The rootstock serves as the root system and sometimes the stem, while the scion grows into the beautiful plant you desire. Or in the case of grafting fruit trees, the scion grows and eventually produces the type of fruit you want.

So in reality, you have two very different plants, now growing as one.


If you look closely at the above photo, Duston is grafting a scion from a Laceleaf Weeping Japanese Maple onto a Japanese Maples seedling. The seedling he is working with has green leaves, and is upright growing. If not grafted, this tree would grow to a height of 20 feet or more, and would have very boring, green leaves.

The scion that Duston is grafting to the rootstock was taken from this tree. The Laceleaf, Weeping Japanese Maple is one of the most beautiful landscape plants on this planet. This tree is very low growing, most are not more than 4’ tall. See the photo above.

The branches spread out, making the tree wider than it is tall. The branches weep from the top of the tree to the ground, the foliage is deep red in color and the leaves are delicately cut on the edges. This plant is breath taking during the spring and summer months. Nobody walks by this plant without taking notice. It is just as interesting during the winter, the weeping branches create a very unique effect even though the plant is without leaves.

The accepted method of propagation for the Laceleaf Weeping Japanese Red Maple is grafting.
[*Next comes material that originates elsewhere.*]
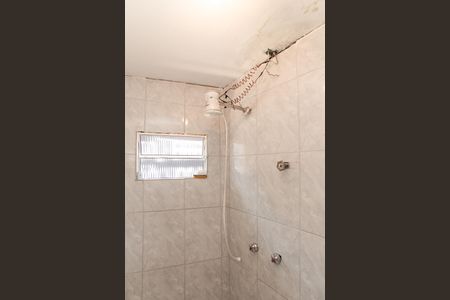 Casa à venda com 300m², 2 quartos e 2 vagasBanheiro 1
Very few nurseries grow them. That’s why a 3’ tall plant in a garden center is likely to have a price tag of $100.00 or more. You can grow one yourself for a little bit of nothing.

In the case of the Laceleaf Weeping Japanese Red Maple, the root stock would be a Japanese Maple grown from seed. The Laceleaf Weeping Japanese Red Maple would be the desired variety.

Since Japanese Red Maple Trees are so popular, I'll give you some a crash course in the botanical names, because you need to know the difference if you are going to buy plants or rootstocks.

The Botanical name for a Maple tree is Acer.

The botanical name for a Japanese Maple tree is Acer Palmatum.

The botanical name for a Japanese Red Maple tree is Acer Palmatum Autropurpeum.

These can all be grown from seed, and you can graft to either of the Japanese varieties.

The botanical name for a Laceleaf Weeping Japanese Maple tree is Acer Palmatum Dissectum.

And if you want one of the weeping Japanese Maples with deep red leaves, you would buy an Acer Palmatum Dissectum "Ever Red".

"Ever Red" is the variety, and there are many different varieties of Laceleaf Weeping Japanese Red Maples.

Don't let all that confuse you, it gets quite simple as you go along. Before you know it you will be an expert.

If you would like to create a Laceleaf Weeping Japanese Maple through the magic of grafting, you must first raise a regular Japanese Maple tree from seed to use as the rootstock, or you can buy seedlings. There are nurseries that specialize in growing seedlings. You can buy rootstocks for grafting fruit trees as well.

If you'd like to try your hand at growing your own Japanese Maples from from seed, visit the Japanese Maple page on this site.

Or for general information on growing plants from seed, click here.

Most grafting is done during the winter months, when the plants are completely dormant. In most cases, you will be working with seedlings, and scions that are between 3/16" and 1/4" in diameter. However, larger rootstock can be used when you are budding, or doing a Veneer Graft.

In the late fall pot up the seedlings that you intend to use as rootstock for grafting. (Use a good quality, well drained, bagged potting soil.) Keep these potted plants outside, but in a protected area until two or threes weeks before you intend to graft them.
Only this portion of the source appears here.